§ THE TASK
Any picture in the listing is left out of the copy; all else is duplicated exactly.

§ RAW DATA
◇ ◇ ◇ ◇ ◇ ◇ ◇

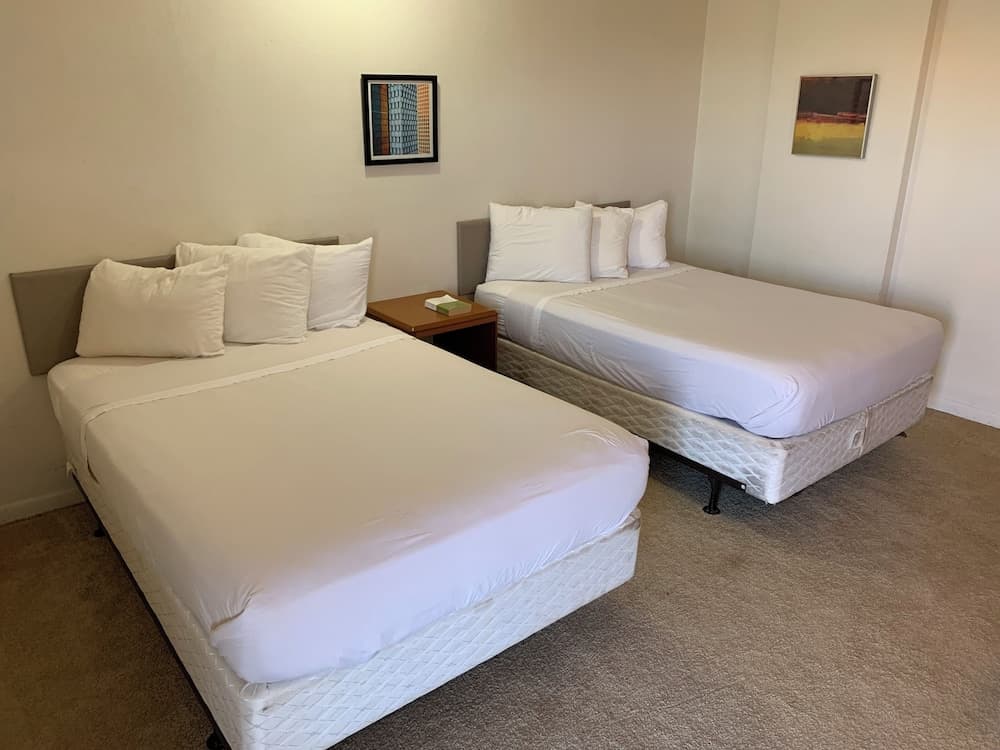 Sawmill Lodges Motel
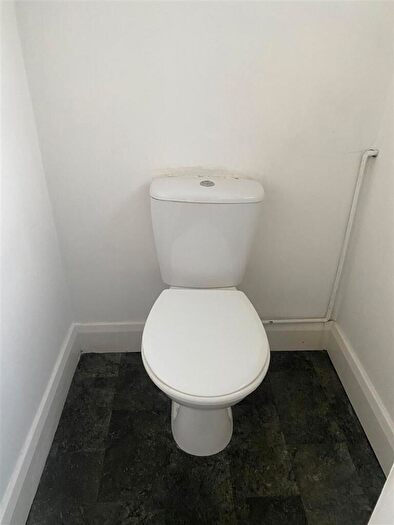 2 Bedroom Terraced House To Rent In Melbourne Road, Chatham, ME4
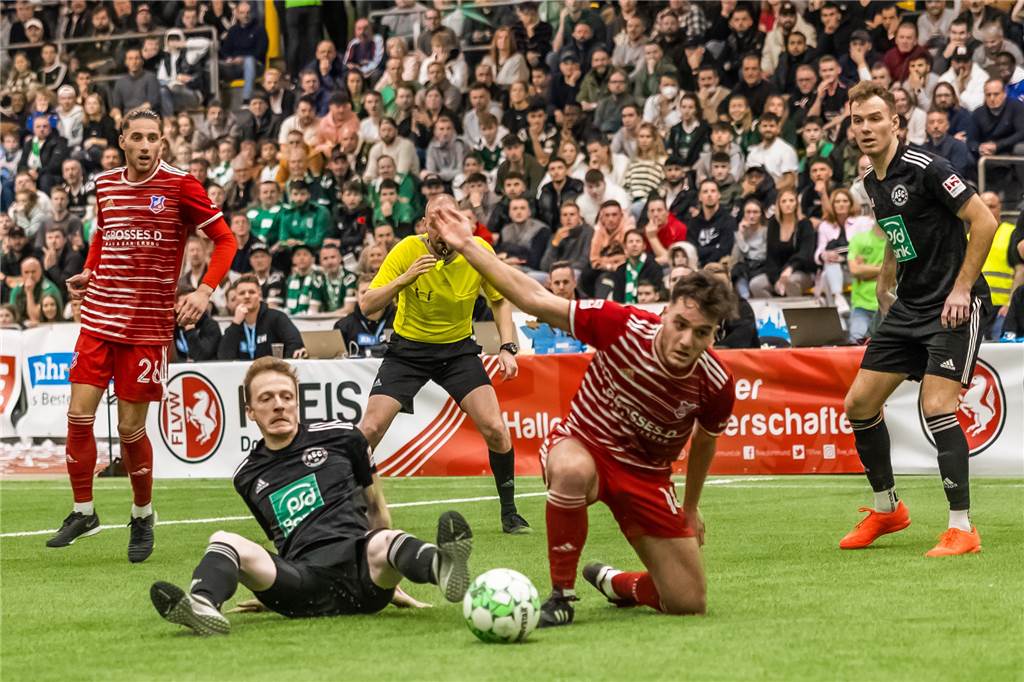 Ajhan Dzaferoski bricht Schweigen: Bövinghausen-Boss spricht über Steuervorwürfe und Hausverbot Der TuS Bövinghausen verlor den Halbfinal-Thriller bei der Dortmunder Hallenfußballstadtmeisterschaft gegen den ASC 09 Dortmund knapp.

◇ ◇ ◇ ◇ ◇ ◇ ◇

§ SOLUTION
 Sawmill Lodges Motel
 2 Bedroom Terraced House To Rent In Melbourne Road, Chatham, ME4
 Ajhan Dzaferoski bricht Schweigen: Bövinghausen-Boss spricht über Steuervorwürfe und Hausverbot Der TuS Bövinghausen verlor den Halbfinal-Thriller bei der Dortmunder Hallenfußballstadtmeisterschaft gegen den ASC 09 Dortmund knapp.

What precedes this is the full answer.